戦国最強軍団を誇った武田信玄。「人は石垣」との言葉からわかるように、身分に捉われることなく人との関係を重んじた。仲間を増やして成長させるマインドは武田信玄から学んだ。また、数々のチャンスをものにして、幾度となく訪れたピンチを耐え忍んだのはまさに「風林火山」そのものといえる。
経営者として、社外での立ち振る舞いは豊臣秀吉の生き方を実践した。信長の草履を温めた逸話のように、聞こえは良くないが「人たらし」に徹する。大阪の繁華街にいた頃から得意だった人心掌握は豊臣秀吉の影響を受けている。
さらに古川さんには自分自身の歴史、つまり経験がある。芳夫さんが古川さんを後継者に選んだ理由である人生経験。大阪ミナミや、高知県で店を出した経験は店舗設計の工夫や、飲食店を成功に導くコンサルティング能力となり、単に言われた工事をするだけでなく、如何に毎日の売り上げをあげるか、如何に事業をうまく回すかまでを提案できる建築会社となった。
10代から決めていることがある。それは50代での引退。50代で世代交代をし、新たな人生を作っていきたい。
「親父が亡くなったのが70歳なんですが、早く世代交代ができたと思っています。

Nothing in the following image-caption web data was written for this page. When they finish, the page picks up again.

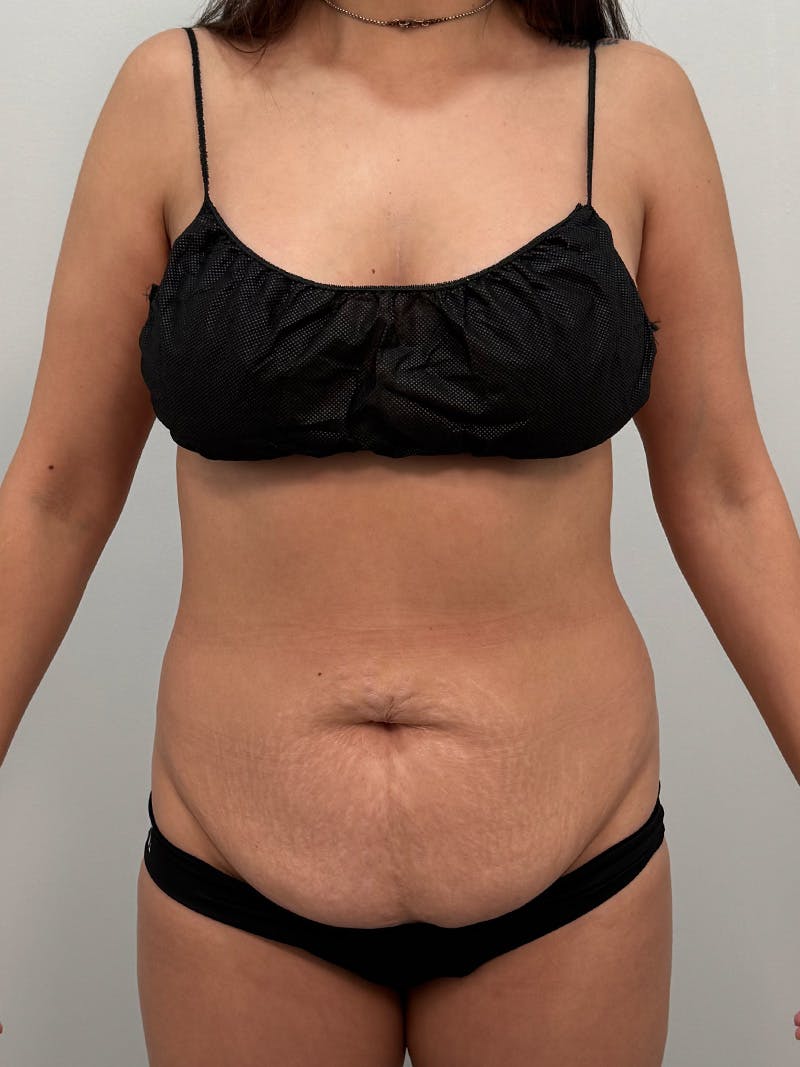 Brazilian Butt Lift Before & After Gallery - Patient 823915 - Image 3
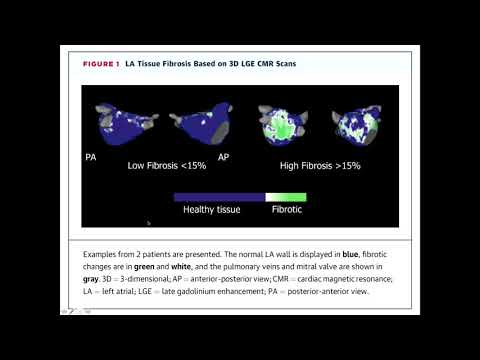 Vídeo: Associação Do índice De Volume Do átrio Esquerdo E Mortalidade Por Todas As Causas Em Pacientes Encaminhados Para Ressonância Magnética Cardiovascular De Rotina: Um Estudo Multicên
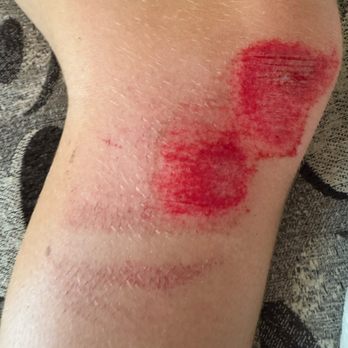 St Timothy Urgent Care - dirt bike crash road rash - Urgent Care Near Me - Odessa, Florida St Timothy Urgent Care - dirt bike crash road rash - Urgent Care Near Me - Odessa, Florida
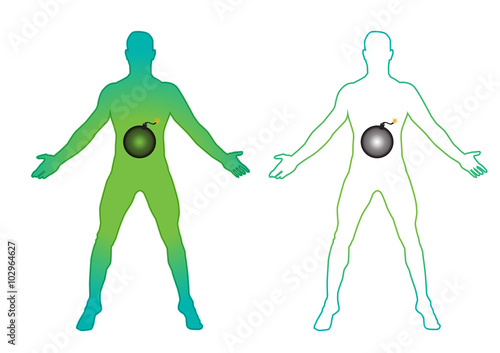 Abdominal pain illustration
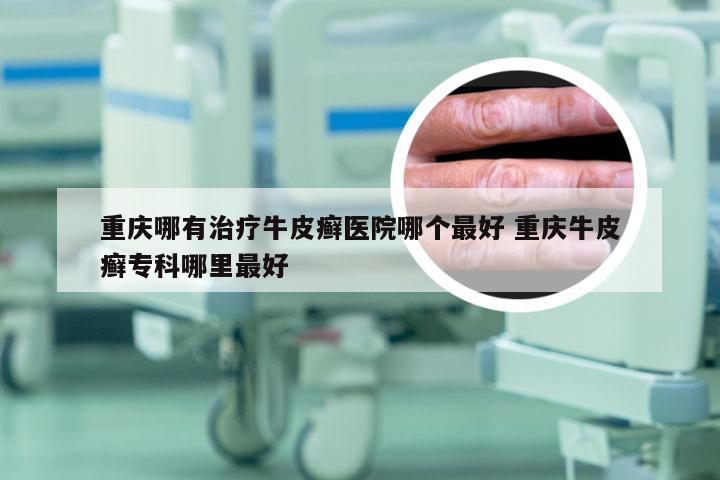 重庆哪有治疗牛皮癣医院哪个最好 重庆牛皮癣专科哪里最好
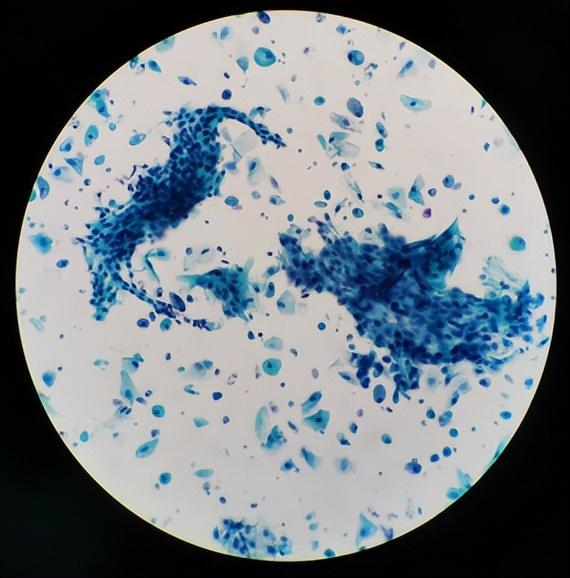 【图片解读】tct报告怎么看?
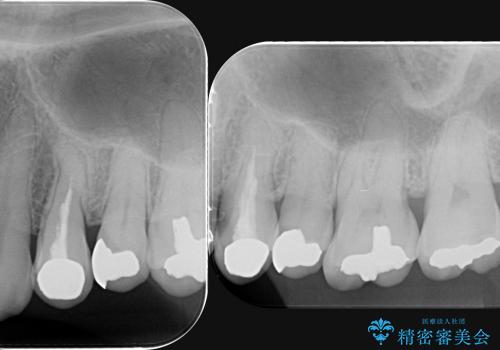 [メタルフリー治療]  銀歯を白く emaxを用いた審美修復・補綴の治療前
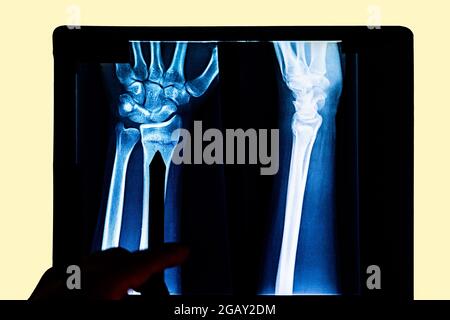 radiography examining x-ray film of patient's arm pointing to radius fracture. X-rayed human hand. X-ray of hand bones. Medical technology radiography Stock Photo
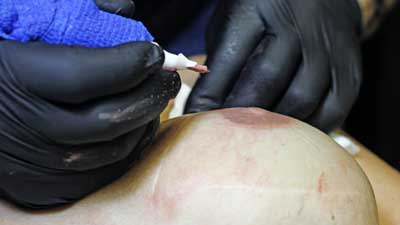 3D areola nipple reconsruction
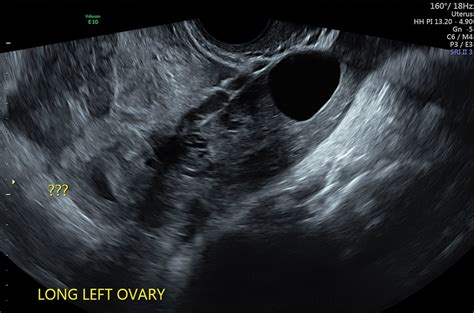 Ectopic pregnancy masquerading as a molar pregnancy – O&G Magazine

だから法人化もできたし、事業も拡大できた。会社というのは早く世代交代すべきだと思いますよ」
20代から走り続けてきた古川社長。50代での引退と言ってはいるが、どうもそうは思えない。きっと何かまた事業を興し、あるいは展開し、驚きの人心掌握術でたくさんの仲間を巻き込んでいくことだろう。